Unten im Dorf sind die Menschen sehr bedrückt. „Die meisten dieser Leute waren Jungs, nicht älter als 16 oder 18 Jahre. Das waren keine Kämpfer.“ Es waren Jugendliche aus Babaloq, Slup, Gamaqel und anderen Dörfern, die, in der Ebene liegend, von den Bergen von hier aus mit bloßem Auge zu erkennen sind. Nachdem die serbischen Einheiten diese Dörfer nahe der Stadt Decani schon vor vier Wochen angegriffen hatten, waren sie über die damals noch durchlässigere Grenze nach Albanien geflüchtet, behaupten die Dorfeinwohner. Auf dem Rückweg hätten „einige von ihnen“ jedoch Waffen getragen, wird nach vielen Nachfragen schließlich zugegeben.

Möglicherweise wollten sie Waffen in ihre Heimatdörfer bringen, die nach wie vor von den serbischen Truppen belagert sind und sporadisch beschossen werden. Nach serbischen Angaben war unter den Getöteten war jedoch auch Naim Maljoku, ein früherer Armeeoffizier der Bosnischen Armee.

Die Menschen im Dorf Kosare haben Angst. Gerade nähert sich ein serbisches Militärfahrzeug. Sofort verschwinden sie in ihren Häusern. Ein Offizier will mit vier seiner Leute wieder zur vier Kilometer entfernten Grenze fahren. „Es ist jetzt alles ruhig,“ erklären die Soldaten. Ihre lässige Sorglosigkeit steht in einem eigentümlichen Kontrast zu den Informationen aus Priština, nach denen hier die albanische Untergrundorganisation UCK aktiv sein soll. Offenbar haben die Serben vor den Dorfbewohnern keine Angst. Und auch nicht davor, von in den Wäldern versteckten UCK-Scharfschützen beschossen zu werden.

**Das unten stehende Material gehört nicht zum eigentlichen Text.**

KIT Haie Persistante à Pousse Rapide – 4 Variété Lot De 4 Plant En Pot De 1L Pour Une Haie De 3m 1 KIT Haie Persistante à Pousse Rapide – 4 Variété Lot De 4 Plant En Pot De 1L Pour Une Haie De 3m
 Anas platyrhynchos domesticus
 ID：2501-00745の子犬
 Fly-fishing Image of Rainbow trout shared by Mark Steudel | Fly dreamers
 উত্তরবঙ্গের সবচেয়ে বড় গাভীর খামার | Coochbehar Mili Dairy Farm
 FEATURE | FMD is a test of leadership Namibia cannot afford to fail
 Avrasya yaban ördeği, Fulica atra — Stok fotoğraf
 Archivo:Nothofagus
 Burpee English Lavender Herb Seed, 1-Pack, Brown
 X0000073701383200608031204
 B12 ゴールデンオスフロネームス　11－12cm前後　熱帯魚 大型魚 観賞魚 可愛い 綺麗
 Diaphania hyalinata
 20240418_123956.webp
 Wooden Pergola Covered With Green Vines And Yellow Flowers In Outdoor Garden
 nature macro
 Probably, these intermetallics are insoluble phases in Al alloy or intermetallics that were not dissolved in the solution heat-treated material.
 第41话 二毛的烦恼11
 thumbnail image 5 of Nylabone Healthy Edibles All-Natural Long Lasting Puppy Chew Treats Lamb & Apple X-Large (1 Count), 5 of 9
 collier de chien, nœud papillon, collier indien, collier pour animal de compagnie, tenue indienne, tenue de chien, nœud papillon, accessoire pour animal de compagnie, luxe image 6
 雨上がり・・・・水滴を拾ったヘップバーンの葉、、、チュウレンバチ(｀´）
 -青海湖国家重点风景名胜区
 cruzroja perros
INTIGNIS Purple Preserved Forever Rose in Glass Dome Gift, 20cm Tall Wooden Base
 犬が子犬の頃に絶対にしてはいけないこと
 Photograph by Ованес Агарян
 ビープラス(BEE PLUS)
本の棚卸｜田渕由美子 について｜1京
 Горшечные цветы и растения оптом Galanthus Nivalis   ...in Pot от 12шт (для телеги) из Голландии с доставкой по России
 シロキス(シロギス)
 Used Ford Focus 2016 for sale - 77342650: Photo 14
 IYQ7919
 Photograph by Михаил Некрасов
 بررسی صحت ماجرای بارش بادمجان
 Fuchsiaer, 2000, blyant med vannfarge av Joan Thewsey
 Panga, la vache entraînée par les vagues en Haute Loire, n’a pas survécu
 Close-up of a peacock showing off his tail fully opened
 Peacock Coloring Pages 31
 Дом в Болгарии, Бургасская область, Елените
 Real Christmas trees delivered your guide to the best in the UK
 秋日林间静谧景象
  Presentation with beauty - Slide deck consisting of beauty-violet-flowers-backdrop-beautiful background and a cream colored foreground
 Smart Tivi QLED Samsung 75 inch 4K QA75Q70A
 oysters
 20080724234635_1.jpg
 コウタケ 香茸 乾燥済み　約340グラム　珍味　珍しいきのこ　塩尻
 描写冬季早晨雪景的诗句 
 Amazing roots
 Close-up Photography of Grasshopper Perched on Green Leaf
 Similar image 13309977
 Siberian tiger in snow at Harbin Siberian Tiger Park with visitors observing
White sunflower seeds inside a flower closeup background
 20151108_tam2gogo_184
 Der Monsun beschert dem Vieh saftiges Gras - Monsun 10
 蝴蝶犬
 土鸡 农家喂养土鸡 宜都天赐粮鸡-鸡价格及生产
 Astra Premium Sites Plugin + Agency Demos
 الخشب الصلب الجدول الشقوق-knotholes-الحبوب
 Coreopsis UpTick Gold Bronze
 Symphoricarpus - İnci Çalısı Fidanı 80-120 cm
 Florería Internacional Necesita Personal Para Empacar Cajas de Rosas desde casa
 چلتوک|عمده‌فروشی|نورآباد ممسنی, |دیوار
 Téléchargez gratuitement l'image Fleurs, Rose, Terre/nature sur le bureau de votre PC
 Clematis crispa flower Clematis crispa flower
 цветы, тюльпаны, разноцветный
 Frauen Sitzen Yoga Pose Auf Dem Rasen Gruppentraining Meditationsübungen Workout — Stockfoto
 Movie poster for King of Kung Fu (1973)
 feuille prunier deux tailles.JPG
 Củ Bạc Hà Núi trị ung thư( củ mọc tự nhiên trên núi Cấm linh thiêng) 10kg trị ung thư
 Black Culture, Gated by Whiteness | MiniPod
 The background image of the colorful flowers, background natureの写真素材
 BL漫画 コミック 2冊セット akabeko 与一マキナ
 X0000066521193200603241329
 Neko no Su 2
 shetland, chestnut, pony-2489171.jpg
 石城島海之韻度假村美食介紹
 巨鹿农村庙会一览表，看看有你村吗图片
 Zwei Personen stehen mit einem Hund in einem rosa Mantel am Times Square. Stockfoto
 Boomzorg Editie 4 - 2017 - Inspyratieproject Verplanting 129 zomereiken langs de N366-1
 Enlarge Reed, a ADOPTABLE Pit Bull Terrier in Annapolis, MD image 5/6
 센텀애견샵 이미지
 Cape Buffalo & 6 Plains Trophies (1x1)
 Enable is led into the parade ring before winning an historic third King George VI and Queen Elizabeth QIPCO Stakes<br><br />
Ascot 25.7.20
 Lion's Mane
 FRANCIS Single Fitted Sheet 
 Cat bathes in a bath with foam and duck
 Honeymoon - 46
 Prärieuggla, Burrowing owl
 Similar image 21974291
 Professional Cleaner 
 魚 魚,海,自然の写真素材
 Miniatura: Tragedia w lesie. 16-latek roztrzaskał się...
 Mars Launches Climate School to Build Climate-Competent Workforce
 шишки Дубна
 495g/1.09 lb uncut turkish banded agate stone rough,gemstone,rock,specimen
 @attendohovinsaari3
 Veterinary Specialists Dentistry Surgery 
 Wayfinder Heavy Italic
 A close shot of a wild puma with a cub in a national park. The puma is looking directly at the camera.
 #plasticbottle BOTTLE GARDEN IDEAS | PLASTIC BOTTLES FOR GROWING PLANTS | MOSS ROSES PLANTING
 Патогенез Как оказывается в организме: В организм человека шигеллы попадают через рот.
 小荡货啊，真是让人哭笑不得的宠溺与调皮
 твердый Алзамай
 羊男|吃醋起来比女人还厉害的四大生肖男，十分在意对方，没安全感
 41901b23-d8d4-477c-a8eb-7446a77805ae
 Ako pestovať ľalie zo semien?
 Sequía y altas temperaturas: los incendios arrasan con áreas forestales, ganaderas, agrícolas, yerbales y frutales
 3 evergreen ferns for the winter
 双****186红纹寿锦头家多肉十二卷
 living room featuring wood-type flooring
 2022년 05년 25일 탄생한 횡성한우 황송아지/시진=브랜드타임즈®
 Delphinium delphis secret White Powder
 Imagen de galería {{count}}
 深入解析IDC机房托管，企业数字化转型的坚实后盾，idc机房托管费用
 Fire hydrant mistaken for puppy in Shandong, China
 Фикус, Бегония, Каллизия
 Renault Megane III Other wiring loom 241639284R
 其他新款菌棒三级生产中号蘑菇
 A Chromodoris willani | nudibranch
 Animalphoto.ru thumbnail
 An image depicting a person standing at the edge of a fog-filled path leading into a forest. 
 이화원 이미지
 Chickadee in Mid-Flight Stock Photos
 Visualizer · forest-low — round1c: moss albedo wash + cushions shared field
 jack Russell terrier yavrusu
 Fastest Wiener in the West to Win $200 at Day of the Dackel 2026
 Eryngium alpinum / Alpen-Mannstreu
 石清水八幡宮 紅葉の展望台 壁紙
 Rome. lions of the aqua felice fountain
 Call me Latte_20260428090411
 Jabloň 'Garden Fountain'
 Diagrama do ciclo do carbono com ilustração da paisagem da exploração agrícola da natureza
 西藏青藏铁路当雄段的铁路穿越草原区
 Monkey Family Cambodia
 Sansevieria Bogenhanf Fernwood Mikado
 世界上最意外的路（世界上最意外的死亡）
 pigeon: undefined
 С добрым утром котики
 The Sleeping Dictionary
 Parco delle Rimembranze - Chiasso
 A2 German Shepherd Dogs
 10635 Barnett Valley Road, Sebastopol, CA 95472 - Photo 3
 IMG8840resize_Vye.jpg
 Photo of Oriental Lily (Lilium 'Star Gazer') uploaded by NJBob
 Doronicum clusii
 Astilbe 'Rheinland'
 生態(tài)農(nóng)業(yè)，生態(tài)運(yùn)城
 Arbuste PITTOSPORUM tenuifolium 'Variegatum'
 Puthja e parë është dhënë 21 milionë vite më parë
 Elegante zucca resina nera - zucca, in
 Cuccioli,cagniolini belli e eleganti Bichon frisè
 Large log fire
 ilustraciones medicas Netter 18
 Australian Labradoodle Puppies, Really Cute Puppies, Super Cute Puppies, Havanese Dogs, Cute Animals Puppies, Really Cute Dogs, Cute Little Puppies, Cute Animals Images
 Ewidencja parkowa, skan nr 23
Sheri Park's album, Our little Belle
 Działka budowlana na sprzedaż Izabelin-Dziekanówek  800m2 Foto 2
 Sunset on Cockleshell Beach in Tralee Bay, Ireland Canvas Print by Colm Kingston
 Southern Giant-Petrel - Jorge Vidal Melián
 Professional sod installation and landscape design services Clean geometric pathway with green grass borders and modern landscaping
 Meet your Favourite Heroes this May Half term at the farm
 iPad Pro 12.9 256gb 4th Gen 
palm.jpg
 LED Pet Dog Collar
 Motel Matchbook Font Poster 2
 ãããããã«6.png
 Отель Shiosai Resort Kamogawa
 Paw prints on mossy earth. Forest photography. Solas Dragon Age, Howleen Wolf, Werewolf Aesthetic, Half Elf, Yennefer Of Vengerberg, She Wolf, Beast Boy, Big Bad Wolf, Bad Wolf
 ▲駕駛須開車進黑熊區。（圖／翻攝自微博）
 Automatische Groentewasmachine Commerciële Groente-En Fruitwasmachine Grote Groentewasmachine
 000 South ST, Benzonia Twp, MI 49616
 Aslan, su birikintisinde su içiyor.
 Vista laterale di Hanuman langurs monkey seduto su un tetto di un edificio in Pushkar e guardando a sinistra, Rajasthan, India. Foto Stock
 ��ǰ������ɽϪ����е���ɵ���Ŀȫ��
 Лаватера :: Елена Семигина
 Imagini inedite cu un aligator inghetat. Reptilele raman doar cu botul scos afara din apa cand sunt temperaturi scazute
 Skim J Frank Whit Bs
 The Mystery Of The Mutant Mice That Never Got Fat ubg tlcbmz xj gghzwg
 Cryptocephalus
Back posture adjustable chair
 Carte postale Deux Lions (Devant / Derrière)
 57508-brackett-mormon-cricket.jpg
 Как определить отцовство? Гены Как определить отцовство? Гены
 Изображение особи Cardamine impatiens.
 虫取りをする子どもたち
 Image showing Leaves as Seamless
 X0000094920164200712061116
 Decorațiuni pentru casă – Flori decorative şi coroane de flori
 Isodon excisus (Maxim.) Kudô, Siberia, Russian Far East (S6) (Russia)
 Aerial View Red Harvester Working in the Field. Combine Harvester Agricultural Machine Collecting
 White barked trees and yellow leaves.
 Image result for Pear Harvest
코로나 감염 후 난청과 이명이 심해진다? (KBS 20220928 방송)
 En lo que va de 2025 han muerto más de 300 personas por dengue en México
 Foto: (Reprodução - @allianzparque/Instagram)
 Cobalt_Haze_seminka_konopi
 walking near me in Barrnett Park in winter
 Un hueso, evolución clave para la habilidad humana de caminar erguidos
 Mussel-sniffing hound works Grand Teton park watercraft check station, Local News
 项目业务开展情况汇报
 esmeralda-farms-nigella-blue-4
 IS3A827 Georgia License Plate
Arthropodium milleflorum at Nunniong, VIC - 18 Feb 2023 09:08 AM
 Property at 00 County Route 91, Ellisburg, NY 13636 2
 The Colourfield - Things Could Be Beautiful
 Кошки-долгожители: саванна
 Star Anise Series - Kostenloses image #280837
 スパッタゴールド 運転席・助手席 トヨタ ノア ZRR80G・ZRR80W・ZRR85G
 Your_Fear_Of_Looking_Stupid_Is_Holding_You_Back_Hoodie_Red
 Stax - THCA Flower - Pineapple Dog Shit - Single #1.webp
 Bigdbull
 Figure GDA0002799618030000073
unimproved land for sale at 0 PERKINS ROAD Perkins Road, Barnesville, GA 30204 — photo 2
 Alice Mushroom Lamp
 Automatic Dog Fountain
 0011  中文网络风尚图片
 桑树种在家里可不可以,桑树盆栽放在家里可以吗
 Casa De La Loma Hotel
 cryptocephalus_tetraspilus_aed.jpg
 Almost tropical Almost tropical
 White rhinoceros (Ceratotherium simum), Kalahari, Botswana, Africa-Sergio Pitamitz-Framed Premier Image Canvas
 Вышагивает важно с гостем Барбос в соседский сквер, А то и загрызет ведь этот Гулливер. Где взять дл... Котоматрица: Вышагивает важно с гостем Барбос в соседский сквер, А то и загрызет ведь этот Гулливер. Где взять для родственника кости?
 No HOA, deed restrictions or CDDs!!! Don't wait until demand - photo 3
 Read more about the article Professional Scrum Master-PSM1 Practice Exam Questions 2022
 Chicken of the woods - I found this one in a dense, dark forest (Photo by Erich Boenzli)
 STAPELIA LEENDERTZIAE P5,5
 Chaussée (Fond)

„Wir haben alles im Griff, wir kontrollieren die Grenze“, sagt der Offizier stolz. Und langsam setzt sich das Gefährt wieder in Bewegung, den Berg hinauf zu den Positionen der Armee. Panzer sollen dort oben stehen, Geschütze, rund 500 Mann Infanterie nur an dieser Stelle. Dazu noch Polizeieinheiten. Und auch jetzt ist deutlich das Grollen von Artillerie zu hören, die weiter nördlich in den Bergen aktiv sein muß.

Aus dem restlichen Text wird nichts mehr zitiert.